■ **TASK**
Needed from the data below: every line from the one with "کتیبه پرده|پرده، رانر،" up to and including the one with "Пространа спална соба", repeated exactly and with nothing else.

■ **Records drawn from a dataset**
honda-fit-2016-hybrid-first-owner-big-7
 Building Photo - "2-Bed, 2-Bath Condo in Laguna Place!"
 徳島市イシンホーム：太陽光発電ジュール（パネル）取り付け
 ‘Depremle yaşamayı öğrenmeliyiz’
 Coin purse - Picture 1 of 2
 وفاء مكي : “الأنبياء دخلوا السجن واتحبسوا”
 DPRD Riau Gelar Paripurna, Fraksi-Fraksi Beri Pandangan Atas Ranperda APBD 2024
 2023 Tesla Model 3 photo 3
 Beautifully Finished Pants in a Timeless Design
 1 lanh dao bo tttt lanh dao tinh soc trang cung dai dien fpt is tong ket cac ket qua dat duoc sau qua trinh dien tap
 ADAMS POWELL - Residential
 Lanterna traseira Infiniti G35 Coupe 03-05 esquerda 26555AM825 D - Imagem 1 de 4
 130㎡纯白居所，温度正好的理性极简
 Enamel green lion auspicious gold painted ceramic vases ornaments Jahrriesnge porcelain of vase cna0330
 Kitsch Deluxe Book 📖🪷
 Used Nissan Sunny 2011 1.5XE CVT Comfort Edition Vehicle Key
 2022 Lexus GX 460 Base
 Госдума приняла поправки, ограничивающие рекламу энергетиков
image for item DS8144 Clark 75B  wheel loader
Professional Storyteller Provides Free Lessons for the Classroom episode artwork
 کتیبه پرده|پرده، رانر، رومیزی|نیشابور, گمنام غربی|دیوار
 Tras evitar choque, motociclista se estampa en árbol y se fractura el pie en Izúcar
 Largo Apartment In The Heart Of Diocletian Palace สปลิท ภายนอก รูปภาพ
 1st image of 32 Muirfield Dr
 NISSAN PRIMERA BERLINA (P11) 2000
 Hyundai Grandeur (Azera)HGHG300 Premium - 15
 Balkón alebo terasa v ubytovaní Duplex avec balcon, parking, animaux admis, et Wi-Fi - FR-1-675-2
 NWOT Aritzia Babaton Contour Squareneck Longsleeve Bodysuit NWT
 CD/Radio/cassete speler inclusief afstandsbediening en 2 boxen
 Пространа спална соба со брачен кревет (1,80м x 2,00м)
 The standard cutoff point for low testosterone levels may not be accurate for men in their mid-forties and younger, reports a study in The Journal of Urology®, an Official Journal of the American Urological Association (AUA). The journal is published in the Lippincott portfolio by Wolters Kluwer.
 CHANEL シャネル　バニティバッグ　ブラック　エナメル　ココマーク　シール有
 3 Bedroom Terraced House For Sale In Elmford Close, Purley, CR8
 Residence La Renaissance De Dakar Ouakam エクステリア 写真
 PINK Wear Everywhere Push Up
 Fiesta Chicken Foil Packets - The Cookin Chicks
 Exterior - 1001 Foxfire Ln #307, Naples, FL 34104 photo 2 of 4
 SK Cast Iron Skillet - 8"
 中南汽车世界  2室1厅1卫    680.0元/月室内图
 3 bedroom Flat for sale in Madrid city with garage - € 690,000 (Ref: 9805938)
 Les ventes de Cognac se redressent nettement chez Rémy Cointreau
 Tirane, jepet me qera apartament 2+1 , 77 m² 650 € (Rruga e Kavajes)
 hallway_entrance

■ **RESPONSE**
 کتیبه پرده|پرده، رانر، رومیزی|نیشابور, گمنام غربی|دیوار
 Tras evitar choque, motociclista se estampa en árbol y se fractura el pie en Izúcar
 Largo Apartment In The Heart Of Diocletian Palace สปลิท ภายนอก รูปภาพ
 1st image of 32 Muirfield Dr
 NISSAN PRIMERA BERLINA (P11) 2000
 Hyundai Grandeur (Azera)HGHG300 Premium - 15
 Balkón alebo terasa v ubytovaní Duplex avec balcon, parking, animaux admis, et Wi-Fi - FR-1-675-2
 NWOT Aritzia Babaton Contour Squareneck Longsleeve Bodysuit NWT
 CD/Radio/cassete speler inclusief afstandsbediening en 2 boxen
 Пространа спална соба со брачен кревет (1,80м x 2,00м)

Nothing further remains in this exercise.